Именно поэтому первый парижский ‘поход’ был предпринят в Национальную библиотеку и увенчался неожиданным успехом. Один из сотрудников, увидев мои ‘требования’, посоветовал поговорить с Татьяной Алексеевной Осоргиной, которая отвечала в библиотеке за славянское отделение и в то время как раз составляла библиографию русских писателей-эмигрантов. Долголетний опыт работы в разных архивах неоднократно доказывал, что очень важно найти такое ‘ключевое лицо’, которое может дать первые указания, а потом уже клубок сам размотается. Татьяна Алексеевна Осоргина была не только очень опытным библиографом, но вообще весьма образованным человеком, хорошо знавшим литературную жизнь русской эмиграции и из книг, и в особенности из личного общения и опыта. Бунина она, конечно, лично знала, но о нем как человеке отзывалась сдержанно, говорила о его холодности, высокомерности и противопоставляла ему Куприна, который, по ее словам, был ‘очень добрым’.
Благодаря Т. А. Осоргиной я познакомилась с Натальей Борисовной Зайцевой-Соллогуб, с которой у нее были тесные дружеские отношения.
Знакомство с Натальей Борисовной во многом облегчило мою работу и, самое главное (за что я ей навсегда осталась благодарна), дало мне возможность как-то осязаемо почувствовать последнее дыхание жизни и мира русской литературной эмиграции, как сейчас принято говорить, ‘первой волны’. Незабываемы те несколько посещений ее дома (тогда семья жила, если я не ошибаюсь, на авеню дю Шале), беседы с ней, а также с ее отцом, Борисом Константиновичем Зайцевым.
Считаю большим, даже исключительным счастьем, что мне довелось слушать рассказы, воспоминания Зайцева о Бунине и о жизни русских писателей в Париже. Несмотря на свои преклонные годы и на некоторую глухоту, Зайцев прекрасно сохранил память, иногда вплоть до мельчайших подробностей (например, о склонности Бунина ‘крепко’ выражаться, в чем мне до того уже пришлось удостовериться, прочитав некоторые письма, сохранявшиеся в архиве Тургеневского музея в Орле). Рассказы Бориса Константиновича были очень интересными, живыми, в них переплетались чисто личные оценки с общими комментариями. О таланте Бунина он высказывался в ‘превосходной степени’, без малейших критических замечаний, что так редко бывает, когда писатель говорит о своем коллеге. Называл его все время ‘Иван’, и тем самым как бы стирались годы двадцатилетней разлуки после смерти Бунина и в разговор входила какая-то нота близости, я посмею сказать, даже нежности. И она продолжала существовать, соединяясь с грустью, когда Зайцев перешел к рассказу о той размолвке, которая произошла в 1947 г., в связи с расколом в парижском ‘Союзе русских писателей и журналистов’. Это уже было в прошлом, стало достоянием истории, теперь же в 1970 г. в голосе рассказчика звучала безмерная грусть об утрате друга и глубокое мудрое сожаление о том, что житейские бури развели их. ‘Голубиный дух’ — так назвал Зайцев другого русского писателя-эмигранта, своего современника и друга Константина Мочульского, но эти же слова мне хотелось бы сказать и о самом Борисе Константиновиче, вспоминая то давнее посещение и разговор с ним. В нем было столько светлого, доброжелательного, с такой доброй милой улыбкой говорил он о слабостях людей, например о жажде славы (даже если и скрываемой) у Бунина, о кокетничании Зинаиды Гиппиус. Не осуждал, а, скорее, извинял. Редко можно найти такую гармонию между личностью автора и стилем его произведений. Тонкость, светлость лирического стиля Зайцева полностью соответствует его человеческой личности.
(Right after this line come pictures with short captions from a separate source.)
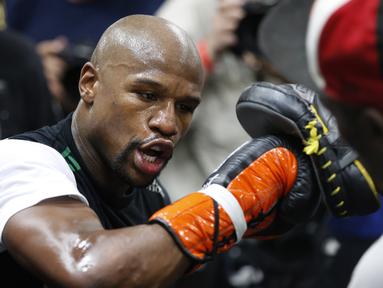 Jelang mega duel melawan Manny Pacquiao, Mayweather berlatih keras. (AP Photo/John Locher)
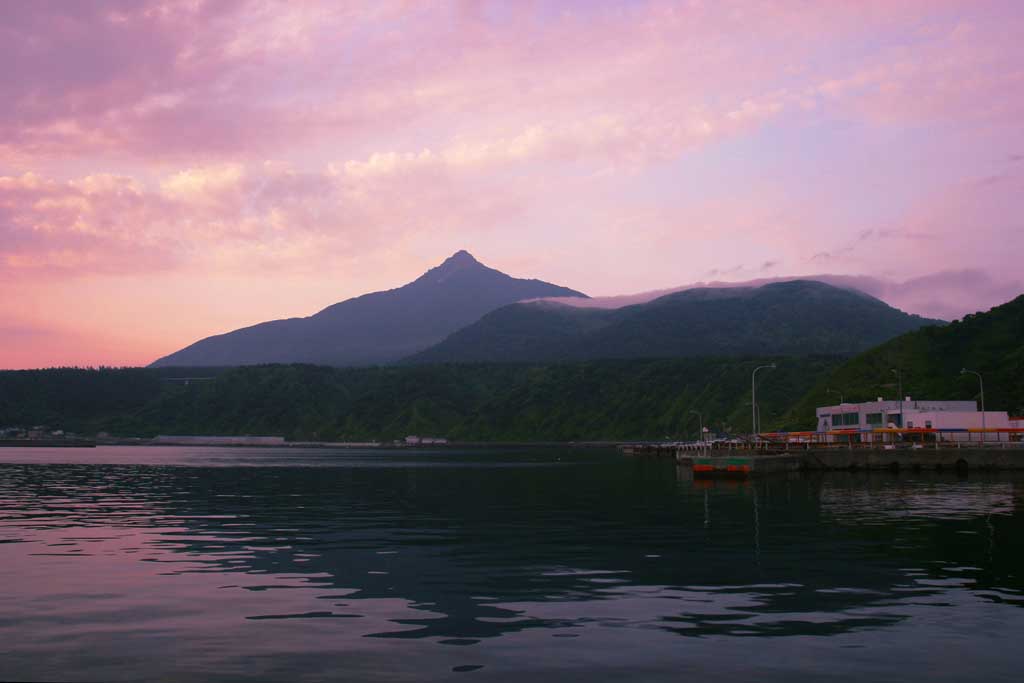 photo, la matire, libre, amnage, dcrivez, photo de la rserve,Mt. Rishiri-fuji dans le lever du soleil luisent, surface d'eau, montagne, ciel, Oshidomari qui pche le port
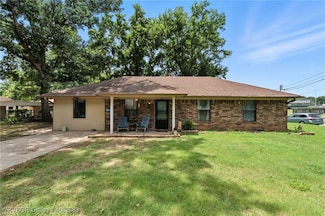 421 N 24th St, van Buren, AR 72956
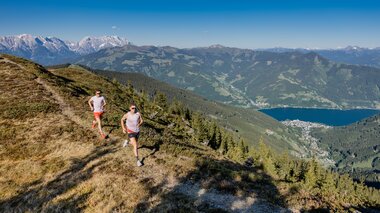 Traillrunning in den Morgenstunden auf der Schmittenhöhe | © Zell am See-Kaprun Tourismus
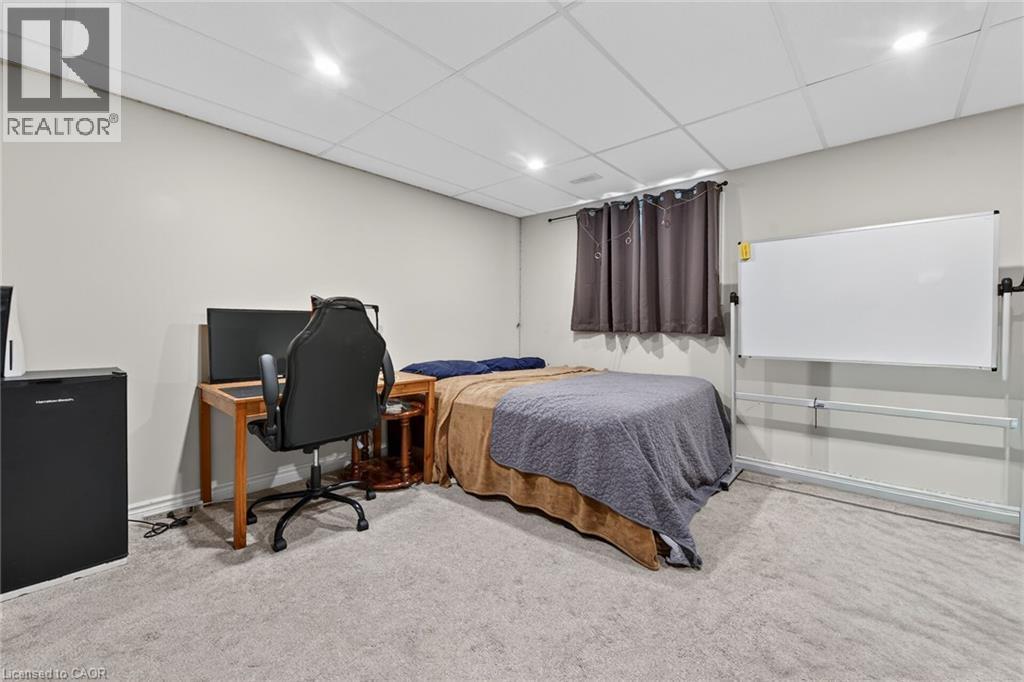 6 Kintyre Court, Caledonia, ON - Indoor Photo Showing Bedroom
Беседы с Борисом Константиновичем продолжались разговорами с Натальей Борисовной, ее практичные, конкретные советы были особенно полезны. Милая, очень приятная в общении, готовая помочь, она очень хорошо знала писательскую эмиграцию, сама тоже занималась некоторыми архивами (Замятина, если я не ошибаюсь) и по-человечески заботилась о тех писателях, которые нуждались в ее поддержке, как, например, Зуров. Конечно, с Зуровым, прожившим столько лет в доме Буниных, очень хотелось познакомиться, хотя бы побывать в квартире, где умер писатель. Однако Наталья Борисовна мне отсоветовала добиваться встречи с Зуровым, объяснив, что он нездоров, что вообще человек он трудный для общения. И действительно, телефонный разговор с ним подтвердил все ее предупреждения.
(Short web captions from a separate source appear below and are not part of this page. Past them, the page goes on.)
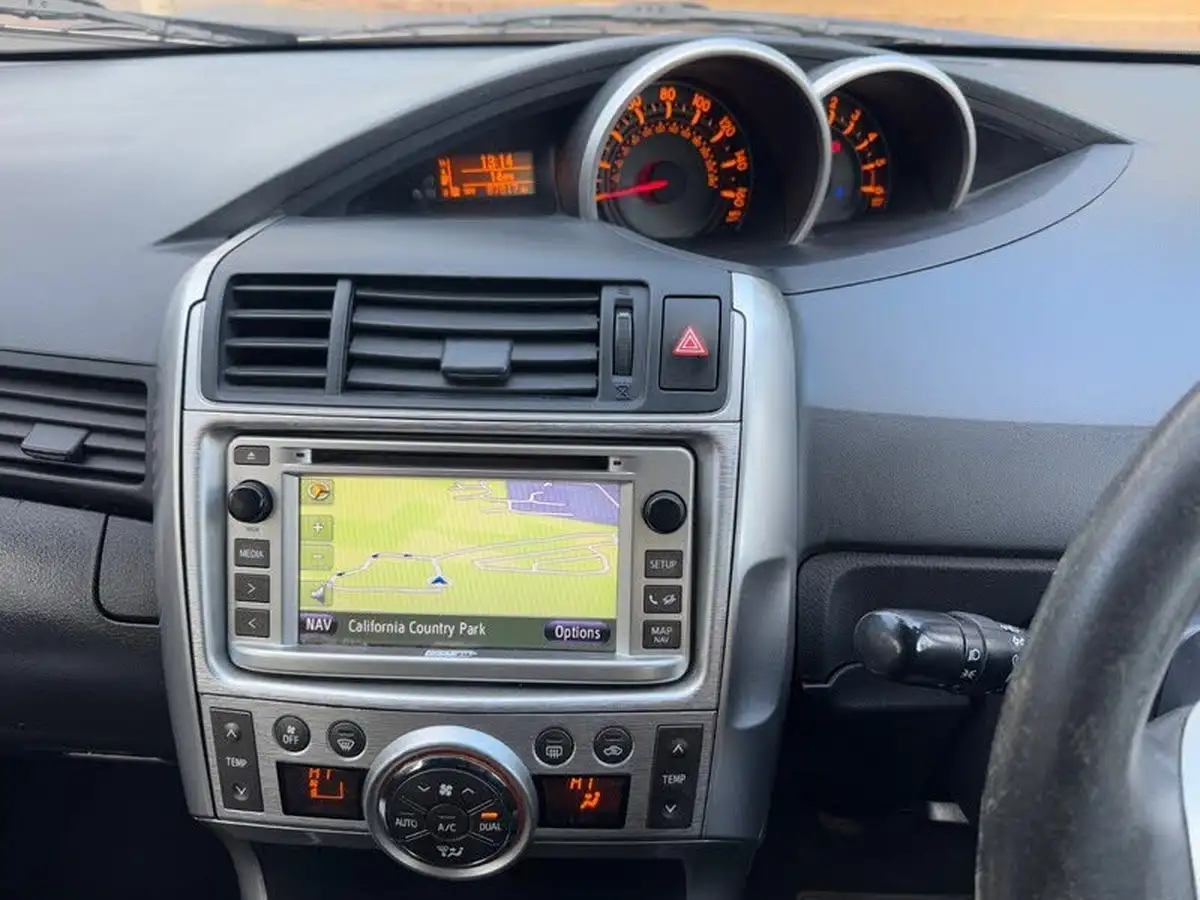 2012-toyota-verso-20td-tr-big-24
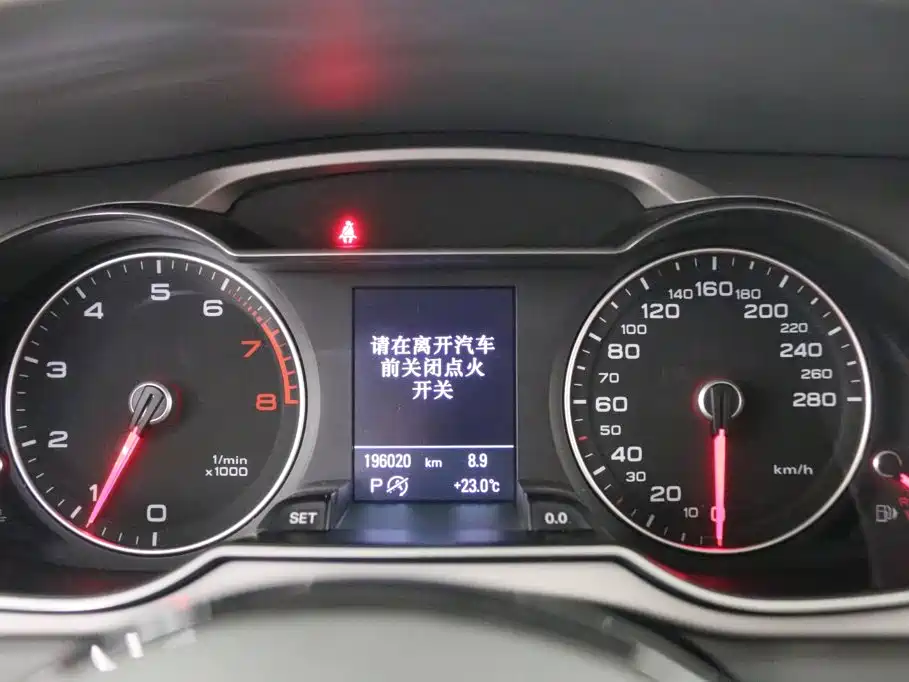 Audi A4L — миниатюра 7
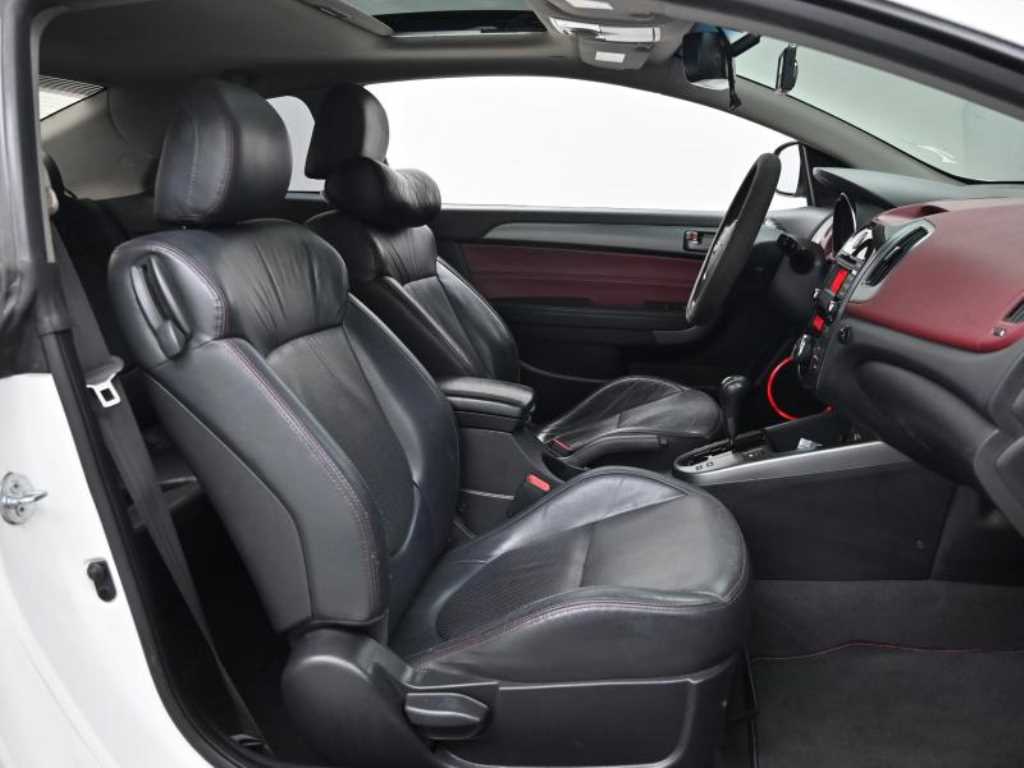 KIA Forte - Vista 10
Ее же рекомендация сыграла положительную роль, когда я обратилась к Г. В. Адамовичу. К моему великому сожалению, мне не довелось лично беседовать с ним, так как он уезжал из Парижа, но его письма в ответ на мои вопросы были очень интересны. Один из ведущих критиков в эмиграции, он был человеком близким Бунину, часто встречался с ним в самые разные периоды жизни во Франции. Судя по отзывам, которые он посвятил бунинским произведениям, думается, что он глубже других понял и оценил личность и значение писателя.
Наталья Борисовна сообщила мне и адрес Галины Кузнецовой. После предварительной переписки я на обратном пути домой в Бухарест остановилась в Мюнхене и на Айнмиллерштрассе нашла квартиру, где жили Галина Кузнецова и Маргарита Степун. Кузнецовой тогда было уже семьдесят лет, но меня поразили свежесть ее лица, милая, приветливая улыбка, женственность всего ее облика — она была еще привлекательной, даже красивой. (Такой же красотой, вопреки возрасту, поразила меня Елена Сергеевна Булгакова, с которой я познакомилась за несколько месяцев до ее смерти.)
Ехала я с надеждой узнать не о романе с Буниным (такие интимные темы не должны быть достоянием литературоведения, тем более принимая во внимание всю сложность отношений), а услышать от близкого человека, притом писательницы, как работал, о чем думал Бунин-писатель в поздние годы своей жизни. Недоумение, а затем разочарование были итогом этой встречи.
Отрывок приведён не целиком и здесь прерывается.